期刊论文详细信息
Cancers 卷:11
Sequential Blockade of PD-1 and PD-L1 Causes Fulminant Cardiotoxicity—From Case Report to Mouse Model Validation
Chung-Lieh Hung1  Hung-I Yeh1  Chun-Chuan Ko1  Hui-Ru Shieh2  Yu-Jen Chen2  Shin-Yi Liu2  Tung-Ying Chen3  Wen-Chien Huang4 
[1] Department of Internal Medicine, MacKay Memorial Hospital, Taipei 10449, Taiwan;
[2] Department of Medical Research, MacKay Memorial Hospital, New Taipei City 25160, Taiwan;
[3] Department of Pathology, MacKay Memorial Hospital, Taipei 10449, Taiwan;
[4] Department of Thoracic Surgery, MacKay Memorial Hospital, Taipei 10449, Taiwan;
关键词: check point inhibitors;    programmed cell death protein 1;    programmed cell death 1 ligand 1;    cardiotoxicity;    lung metastasis;   
DOI  :  10.3390/cancers11040580
来源: DOAJ
【 摘 要 】

The combined administration of programmed cell death 1 (PD-1) and programmed cell death ligand 1 (PD-L1) inhibitors might be considered as a treatment for poorly responsive cancer.
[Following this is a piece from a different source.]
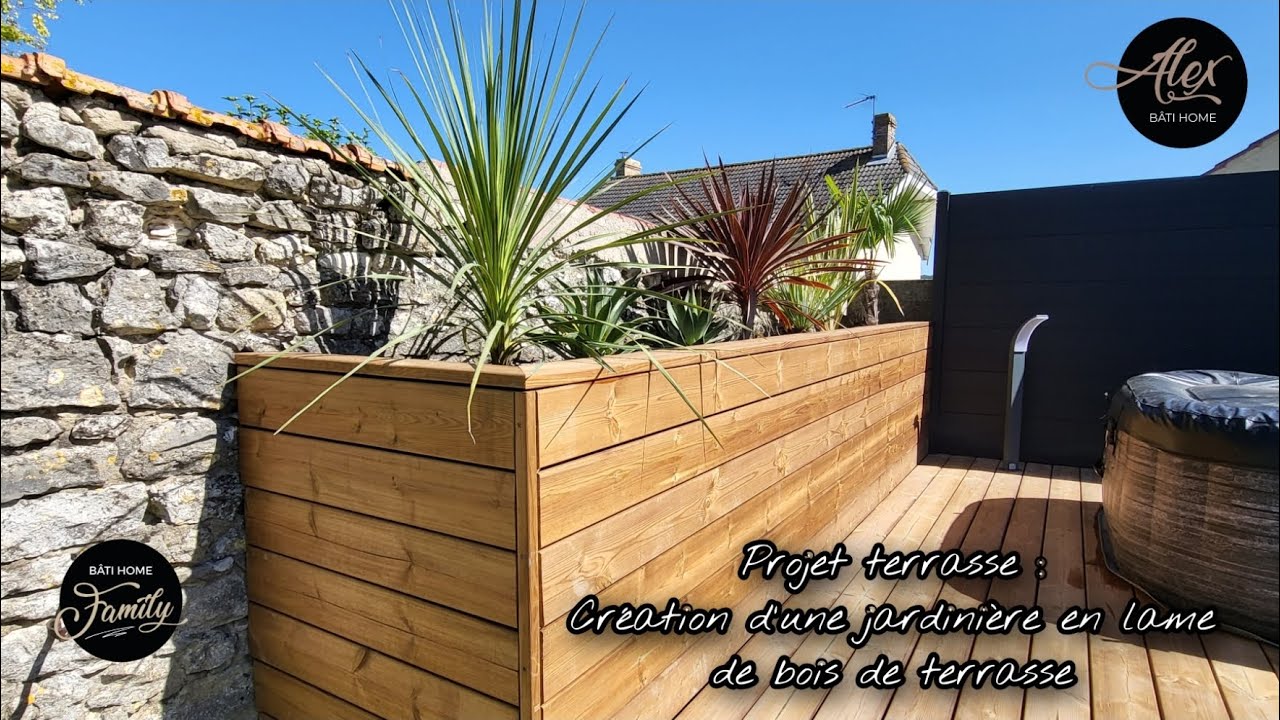 Création d'une jardinière en lames de bois de terrasse - Ep 53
We report a patient with brain metastatic lung adenocarcinoma in whom fatal myocarditis developed after sequential use of PD-1 and PD-L1 inhibitors. This finding was validated in syngeneic tumor-bearing mice. The mice bearing lung metastases of CT26 colon cancer cells treated with PD-1 and/or PD-L1 inhibitors showed that the combination of anti-PD-1 and anti-PD-L1, either sequentially or simultaneously administered, caused myocarditis lesions with myocyte injury and patchy mononuclear infiltrates in the myocardium. A significant increase of infiltrating neutrophils in myocytes was noted only in mice with sequential blockade, implying a role for the pathogenesis of myocarditis. Among circulating leukocytes, concurrent and subsequent treatment of PD-1 and PD-L1 inhibitors led to sustained suppression of neutrophils. Among tumor-infiltrating leukocytes, combinatorial blockade increased CD8+ T cells and NKG2D+ T cells, and reduced tumor-associated macrophages, neutrophils, and natural killer (NK) cells in the lung metastatic microenvironment. The combinatorial treatments exhibited better control and anti-PD-L1 followed by anti-PD-1 was the most effective. In conclusion, the combinatory use of PD-1 and PD-L1 blockade, either sequentially or concurrently, may cause fulminant cardiotoxicity, although it gives better tumor control, and such usage should be cautionary.